Wednesday, August 21, 2013

#1: Reconstruction: The Perfect Failure

Reconstruction is the period following the Civil War, after which slavery was abolished with the 13th Amendment from all the States of USA. After the Civil War, black people were called "Freedmen". The purpose of the Freedmen's Bureau was the first attempt to help black men, by giving them food, clothes and opening schools for them. The first obstacle of Reconstruction was President Andrew Johnson, who instituted the Black Codes, a few laws according to which Freedmen couldn't have rights. For this reason, Congress tried to stop him by proposing the Civil Right bill. Johnson vetoed their proposal and, for the first time, a bill passed as a new law even with a president's veto. Reconstruction was reaching its goals with the 14th Amendment, which established that blacks and whites must be treated equally and have the same rights. At the same time, Congress tried to remove President Johnson by office, even if they didn't manage to do it, because of a lack of votes.
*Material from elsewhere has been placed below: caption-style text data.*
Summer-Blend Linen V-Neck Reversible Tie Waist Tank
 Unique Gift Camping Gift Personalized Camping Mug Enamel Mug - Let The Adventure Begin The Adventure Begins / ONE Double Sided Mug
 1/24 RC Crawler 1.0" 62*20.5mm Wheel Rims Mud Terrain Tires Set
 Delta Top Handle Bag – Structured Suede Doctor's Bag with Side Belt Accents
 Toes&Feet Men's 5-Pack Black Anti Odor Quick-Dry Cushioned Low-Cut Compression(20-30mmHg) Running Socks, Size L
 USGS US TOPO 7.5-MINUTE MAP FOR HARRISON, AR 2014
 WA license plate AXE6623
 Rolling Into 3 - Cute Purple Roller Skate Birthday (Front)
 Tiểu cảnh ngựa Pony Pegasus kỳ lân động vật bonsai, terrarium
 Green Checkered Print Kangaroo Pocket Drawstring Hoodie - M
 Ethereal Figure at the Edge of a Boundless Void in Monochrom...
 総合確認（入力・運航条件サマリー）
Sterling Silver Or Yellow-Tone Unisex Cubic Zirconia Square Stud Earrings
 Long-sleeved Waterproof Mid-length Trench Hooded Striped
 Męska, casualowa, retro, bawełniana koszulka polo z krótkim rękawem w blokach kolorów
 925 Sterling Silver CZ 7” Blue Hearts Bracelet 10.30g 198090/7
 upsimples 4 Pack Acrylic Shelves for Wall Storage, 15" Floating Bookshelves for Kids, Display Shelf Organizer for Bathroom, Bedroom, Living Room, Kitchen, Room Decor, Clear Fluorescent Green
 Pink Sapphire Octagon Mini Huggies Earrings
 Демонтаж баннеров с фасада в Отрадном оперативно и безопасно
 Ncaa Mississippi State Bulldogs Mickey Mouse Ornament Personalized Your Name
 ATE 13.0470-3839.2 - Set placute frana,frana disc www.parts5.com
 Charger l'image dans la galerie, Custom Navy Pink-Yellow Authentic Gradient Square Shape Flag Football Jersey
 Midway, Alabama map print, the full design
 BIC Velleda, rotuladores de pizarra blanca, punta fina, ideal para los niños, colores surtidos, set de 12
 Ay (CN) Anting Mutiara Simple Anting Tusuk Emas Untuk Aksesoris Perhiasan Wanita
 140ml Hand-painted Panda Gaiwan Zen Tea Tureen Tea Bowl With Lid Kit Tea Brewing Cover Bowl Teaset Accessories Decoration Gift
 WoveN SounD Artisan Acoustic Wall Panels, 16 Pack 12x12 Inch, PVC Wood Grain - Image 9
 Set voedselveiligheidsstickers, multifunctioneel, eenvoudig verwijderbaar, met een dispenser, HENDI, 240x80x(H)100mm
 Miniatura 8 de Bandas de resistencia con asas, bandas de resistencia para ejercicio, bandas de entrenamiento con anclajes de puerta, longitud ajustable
 We can assert that Reconstruction failure because of four main facts: the first one is the continuous try of President Johnson to send Freedmen in a condition most close as possible to slavery; in that period there was a group of white people, called KKK (Ku Klux Klan) who tormented, killed and kidnapped Freedmen, which had no laws protecting them; an other important episode was a United States Supreme Court case, Plessy v. Ferguson, according to which segregation was legal; the last fact, that caused the end of Reconstruction, was that President Hayes pulled the troops out of the South, believing that whites could keep blacks' laws, but this didn't manage and the blacks remained without a protection and with this episode the Reconstruction ended.